Thursday, August 02, 2012

Cessna 210, VH MDX: Has plane crash mystery been solved? Accident occurred on August 09, 1981 in the Barrington Tops NSW Australia

 
On the 9th of August in 1981 at 9:39 PM Cessna VH MDX crashed somewhere in the Barrington Tops NSW Australia. After many searches over the past 30 years the remains of the aircraft and the 5 persons on board has never been found. This is the radio transmission of that fatal flight.

Australia's only unsolved civil air crash happened 31 years ago in the Barrington Tops.
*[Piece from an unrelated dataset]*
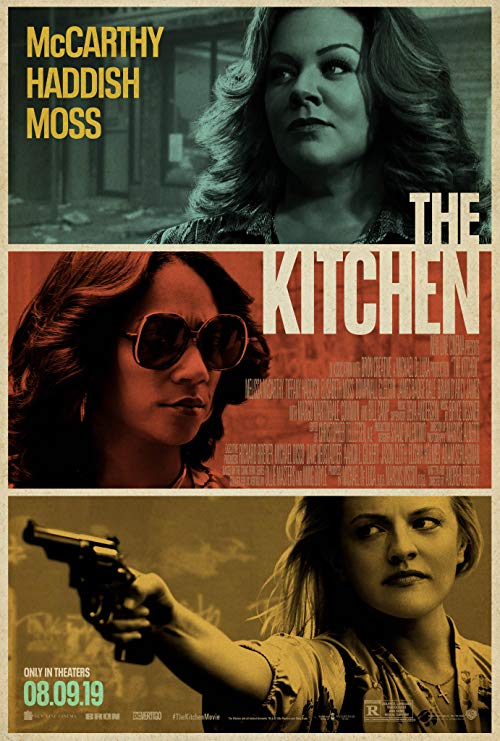 دانلود فیلم The Kitchen 2019 با زیرنویس فارسی چسبیده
Now two men who've been searching for the wreckage for years claim they've pinpointed its location.

It was an icy night on Sunday, August 9, 1981 when a Cessna 210, call sign VH-MDX, went missing over the Barrington Tops with five people on board.

The area where it disappeared was so remote and rugged it presented an almost impossible task for search teams.

In unpredictable weather conditions they inched their way through thick forest with undergrowth so impenetrable it had to be cut away, risking life and limb as they negotiated steep ridges and plunging ravines.

After a fortnight the search was called off, but over the three decades since then a number of people have continued trying to solve the mystery.

Two of them, Gloucester retiree Don Readford and barrister Gary Donovan, now believe they have.

They told 1233 ABC Newcastle's Aaron Kearney they have pinpointed the crash site to an area called Scattered Top Mountain.

Don was present at Bankstown Aero Club, where the Cessna was based, on the night it disappeared en route from Coolangatta.

"The details were very, very sketchy at that time," he says.

"The pilot had reported that the aircraft was badly iced up and he was going down, and he was reading his altitudes as he was going down."

(You can hear the final transmission from the Cessna pilot in the attached audio)

Aside from pilot Michael Hutchins, those on board included Philip Pembroke, Rhett Bosler, Noel Wildash and Ken Price, then deputy of Sydney Water Police.

The group had been on a yachting holiday and were returning to Sydney.

Don and Gary say that both the original official search and subsequent private searches have been hampered by the extreme terrain, with even the RAAF unable to find a trace of the missing aircraft.

"It's a very rugged area, very rugged," Gary says.

"There were no roads, no tracks, it's heavily laden with scrub and bracken, and finding the aircraft will be extremely, extremely difficult."

One team of searchers back in 1981 emerged from an area known as the Devil's Triangle, exhausted, bleeding and demoralised, describing the task as "mission impossible".

The men say they've narrowed down the crash site to an area of two square kilometres on the south-western side of Scattered Top Mountain in the Barrington Tops.

"Because the fuel did not ignite, there was no visible scar and that made any chance of locating the aircraft very, very difficult," Don says.

The pair have written a book about the Cessna mystery, called Operation Phoenix ~ the theoretical search for the Cessna VH-MDX and they hope their conclusions motivate others to search the area they've pinpointed and finally find the wreckage.

"It's important not only to find the aircraft and of course the remains of the five people, first of all to see whether anything extra can be learned from that accident, but also to bring closure to the families," Gary says.

Coincidentally, the area Don and Gary have targeted as the crash site is very close to the property where fugitive Malcolm Naden was taken into custody, only around 2.5km away.

Newcastle Library has a copy of the Operation Phoenix publication.